Provided records Block Start
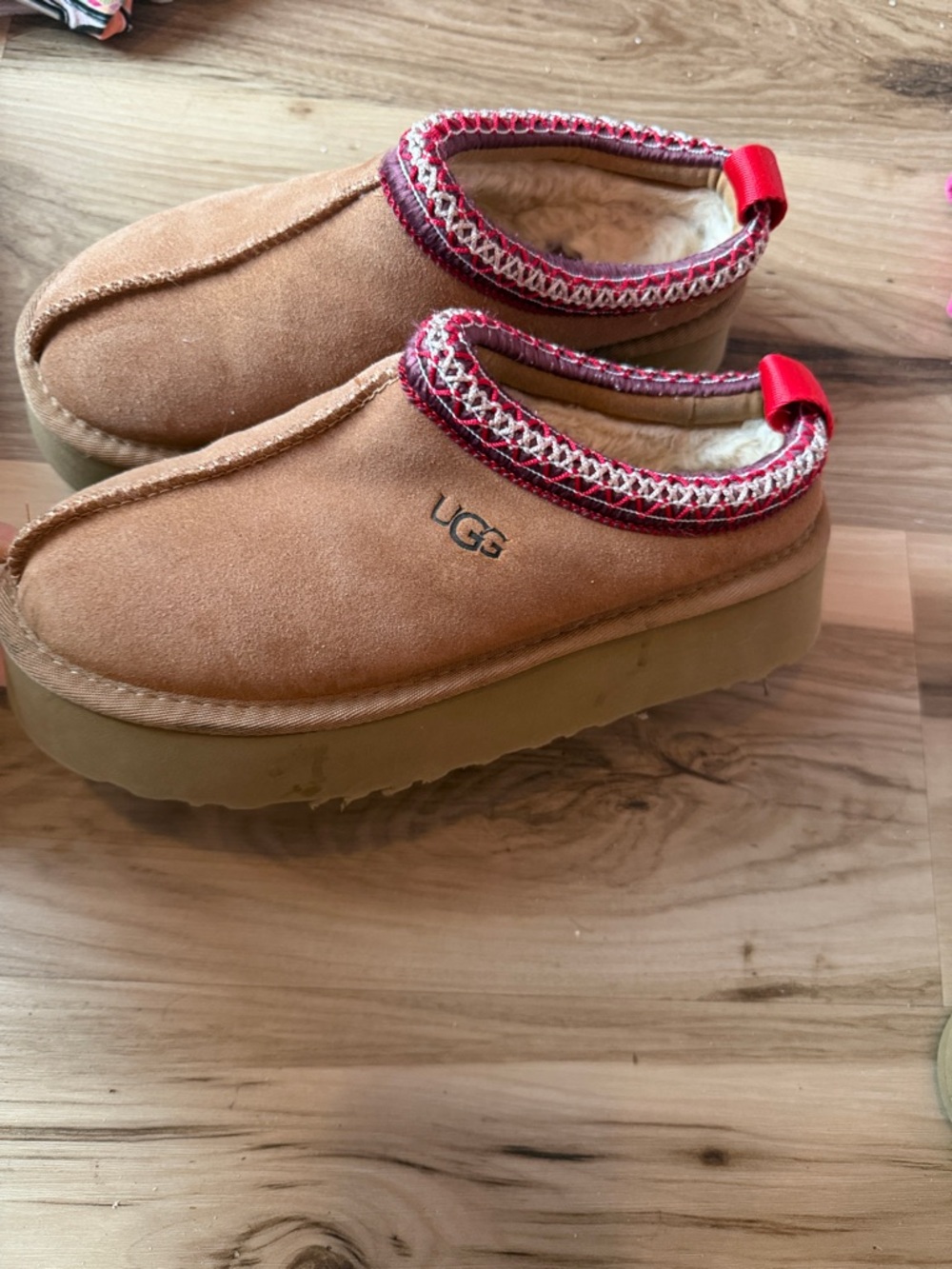 UGG Kids Chestnut Suede Slip-On Slippers with Red Trim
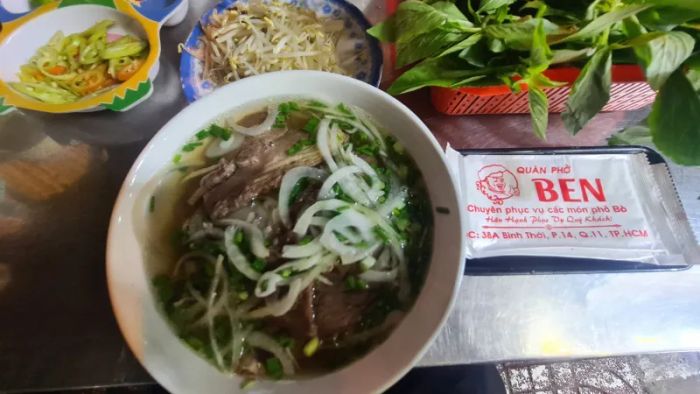 Hình ảnh tô phở bò tái thơm ngon tại Phở Ben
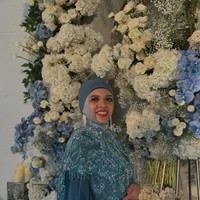 Sementara Geni Faruk memilih tampil dengan riasan wajah yang lebih simpel. Penampilannya semakin terlihat fresh dengan lipstik merah muda. Foto: Instagram/@genifaruk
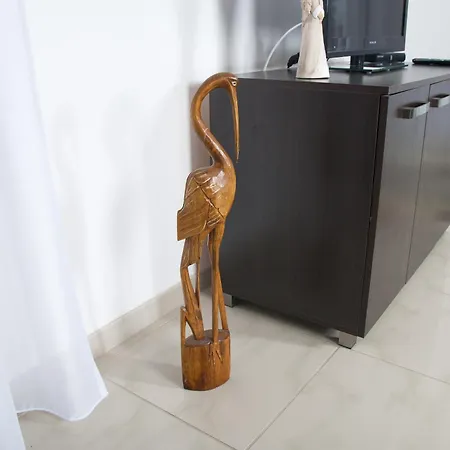 Ikar Z Wlasnym Ogrodkiem, Bardzo Blisko Morza *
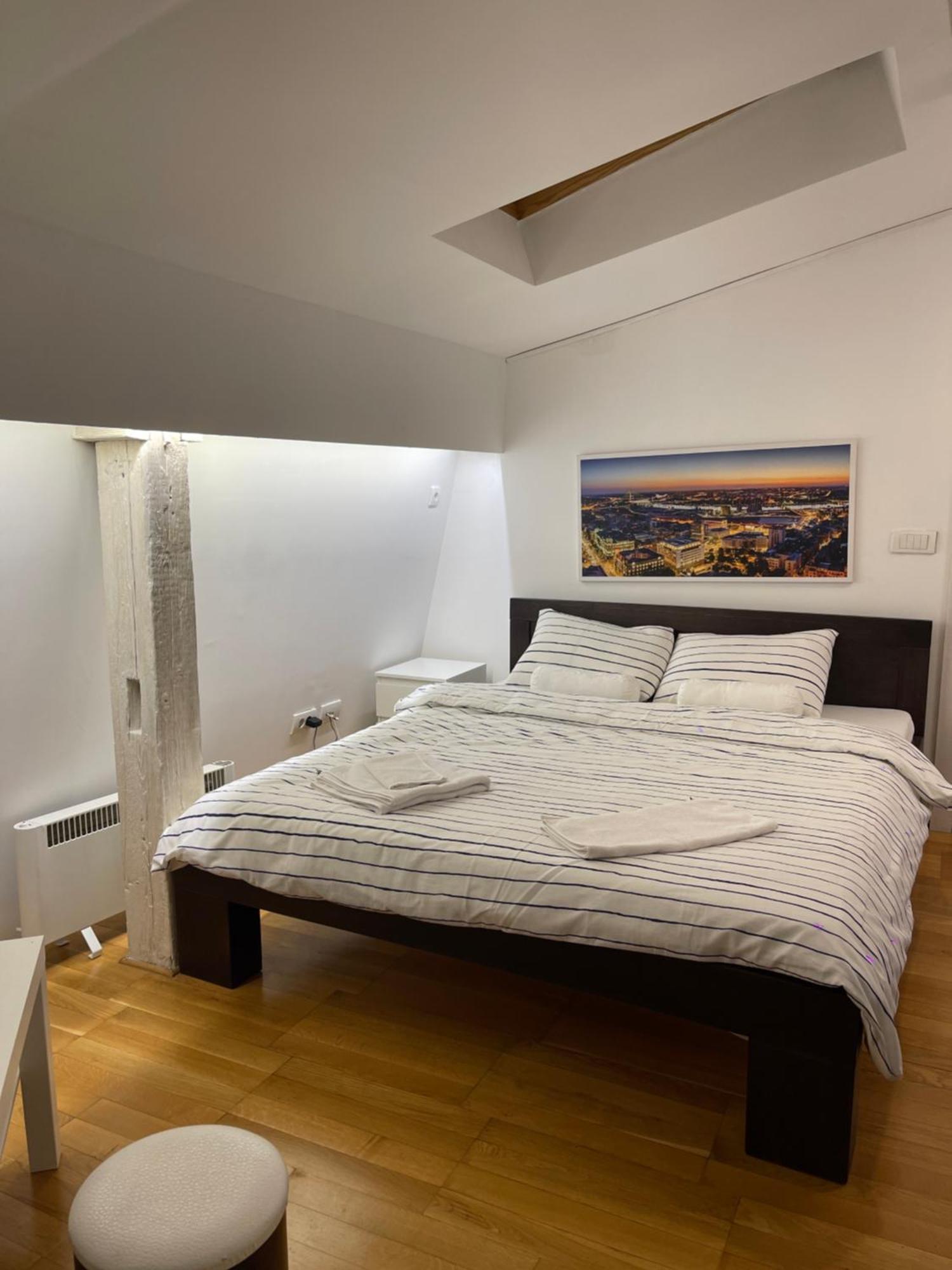 Double Bedroom Apartment In เบลเกรด ภายนอก รูปภาพ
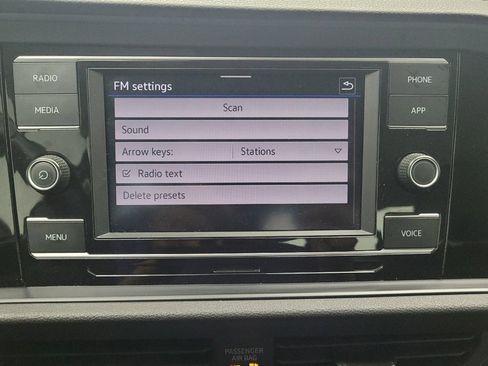 Used 2024 Volkswagen Jetta SE FWD image 25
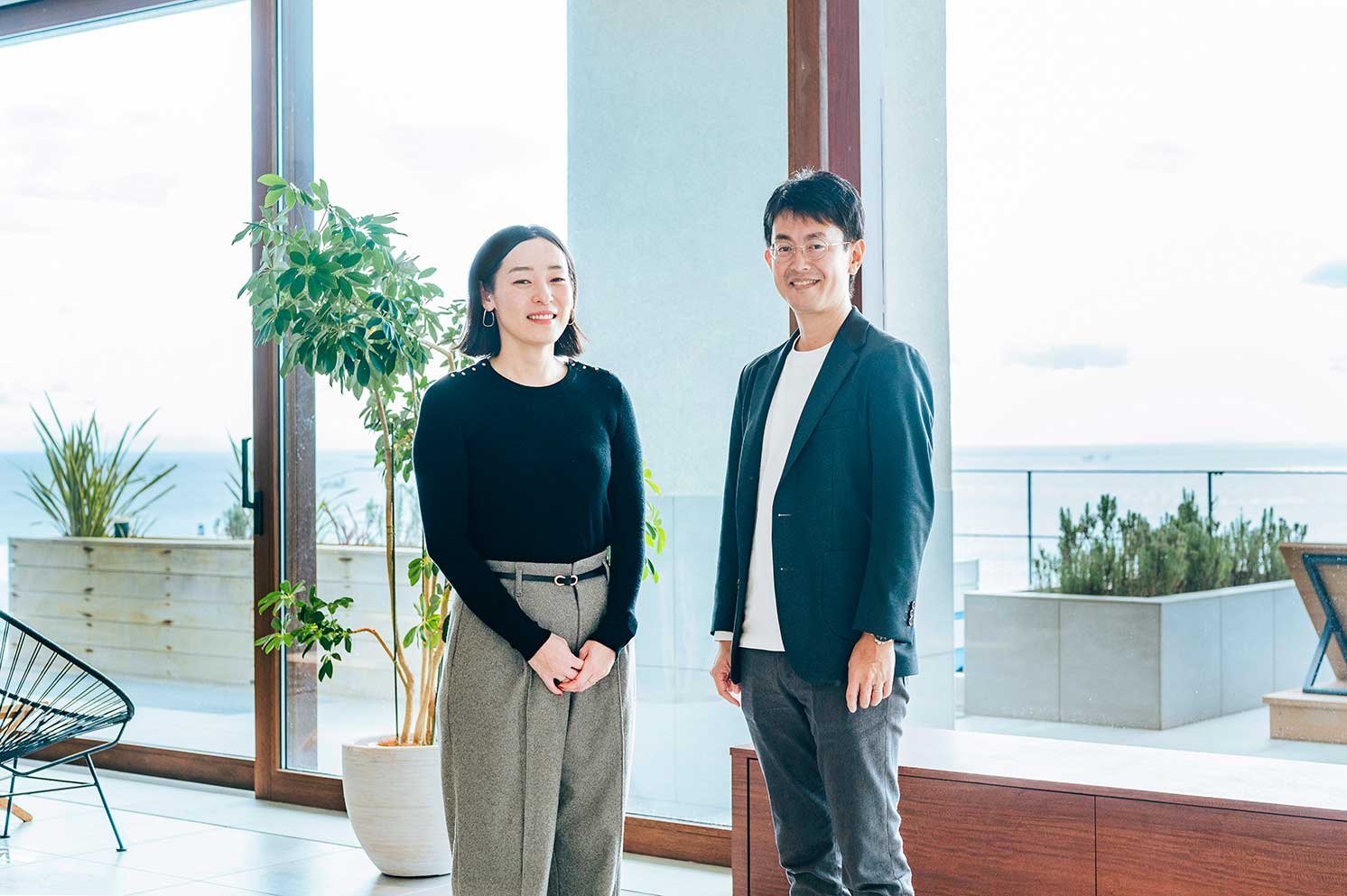 文筆家の岩田さん(左)、パナソニック空質空調社の小田さん(右) | Make New Magazine「未来の定番」をつくるために、パナソニックのリアルな姿を伝えるメディア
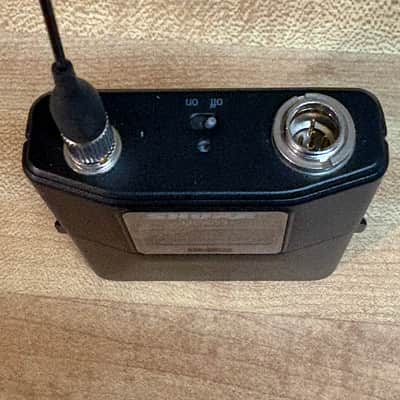 Shure ULXD1=-G50-with WL185 Mic image 5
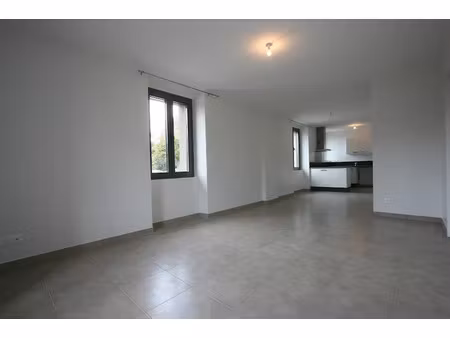 location appartement 3 pièces 78.07 m² à pringy (74370)  1 402 €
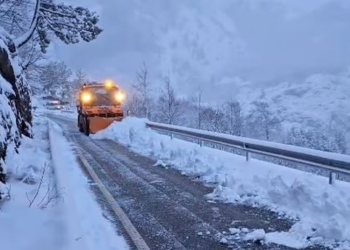 Familje të izoluara në disa akse rrugore të Shkodrës –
Provided records Block End
*Work instructions*:
From the line with "location appartement 3" to the final line of the records, inclusive, set down the lines exactly and add nothing; leave every picture out.

*Result of the exercise*:
 location appartement 3 pièces 78.07 m² à pringy (74370)  1 402 €
 Familje të izoluara në disa akse rrugore të Shkodrës –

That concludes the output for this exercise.